> [Saved data entries]:
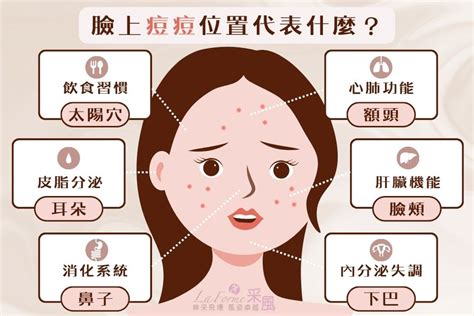 痘痘位置代表什么|痘痘一直好不了？痘痘位置代表什麼？醫師2招治療痘。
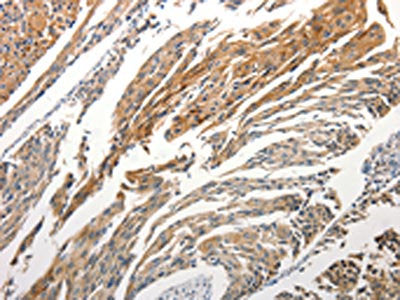 The image is immunohistochemistry of paraffin-embedded Human cervical cancer tissue using the antibody Antibody) at dilution 1/25. (Original magnification: ×200)Rabbit anti-Human STAT5B Polyclonal Antibody
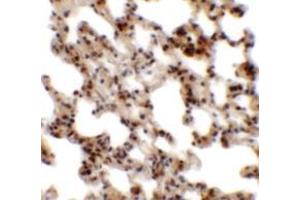 Immunohistochemistry of Coronin 7 in rat lung tissue with Coronin 7 antibody at 2. (Coronin 7 anticorps  (C-Term))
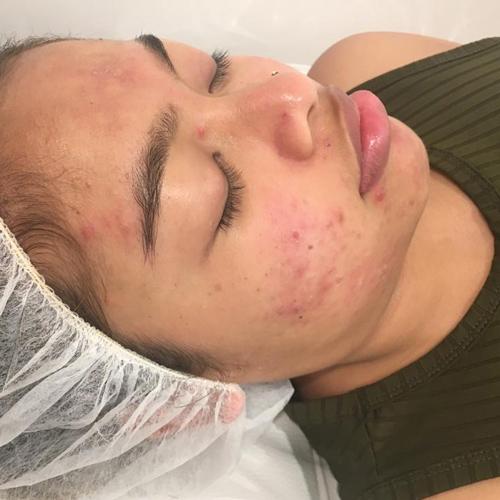 Chemical Peel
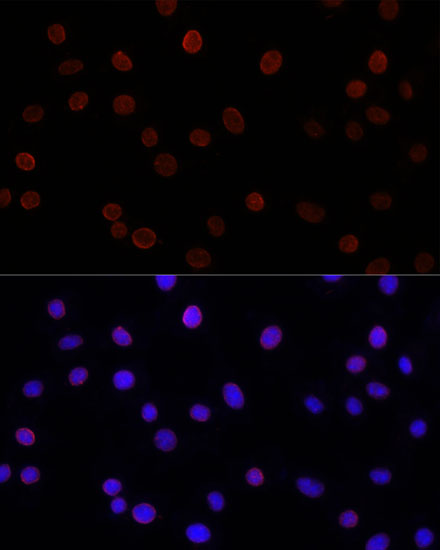 SUN2 Rabbit polyclonal antibody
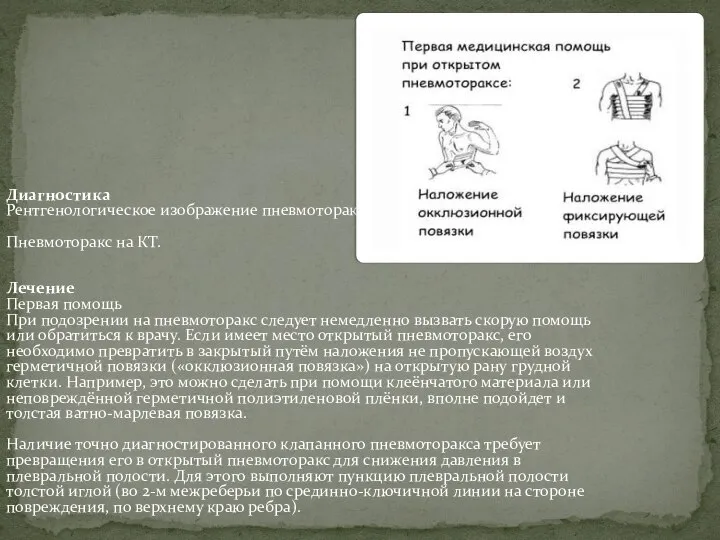 Диагностика Рентгенологическое изображение пневмоторакса. Пневмоторакс на КТ. Лечение Первая помощь При подозрении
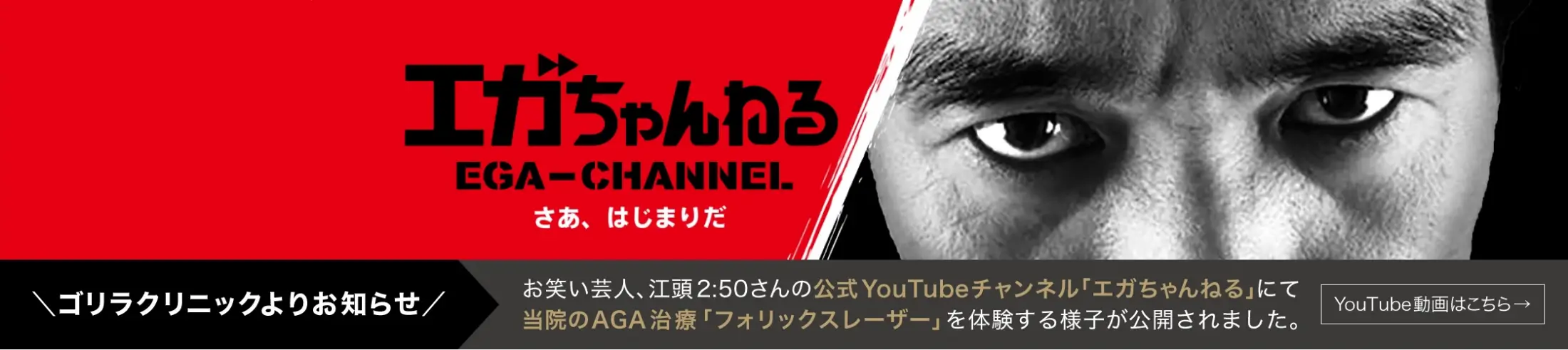 エガちゃんねる お笑い芸人、江頭2:50さんの公式YouTubeチャンネル「エガちゃんねる」にて当院のAGA治療「フォリックスレーザー」を体験する様子が公開されました。 YouTube動画はこちら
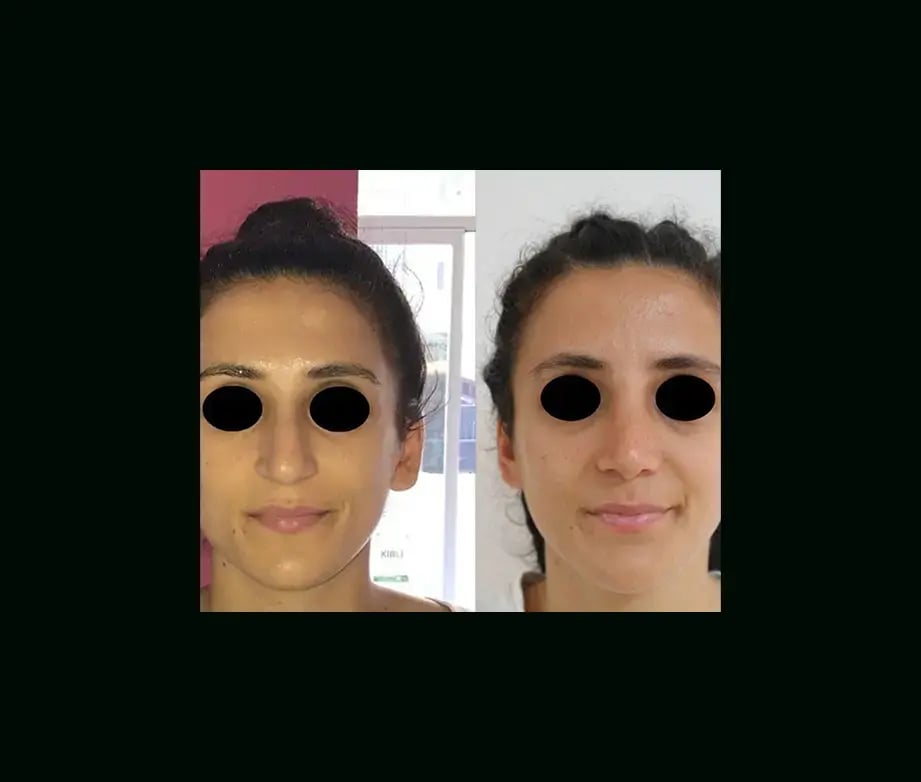 ekrem-keskin-md-rhinoplasty-before-after-1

> [What you should do]: Reproduce every record in full. Leave out the images.

> [Answer to the problem]:
 痘痘位置代表什么|痘痘一直好不了？痘痘位置代表什麼？醫師2招治療痘。
 The image is immunohistochemistry of paraffin-embedded Human cervical cancer tissue using the antibody Antibody) at dilution 1/25. (Original magnification: ×200)Rabbit anti-Human STAT5B Polyclonal Antibody
 Immunohistochemistry of Coronin 7 in rat lung tissue with Coronin 7 antibody at 2. (Coronin 7 anticorps  (C-Term))
 Chemical Peel
 SUN2 Rabbit polyclonal antibody
 Диагностика Рентгенологическое изображение пневмоторакса. Пневмоторакс на КТ. Лечение Первая помощь При подозрении
 エガちゃんねる お笑い芸人、江頭2:50さんの公式YouTubeチャンネル「エガちゃんねる」にて当院のAGA治療「フォリックスレーザー」を体験する様子が公開されました。 YouTube動画はこちら
 ekrem-keskin-md-rhinoplasty-before-after-1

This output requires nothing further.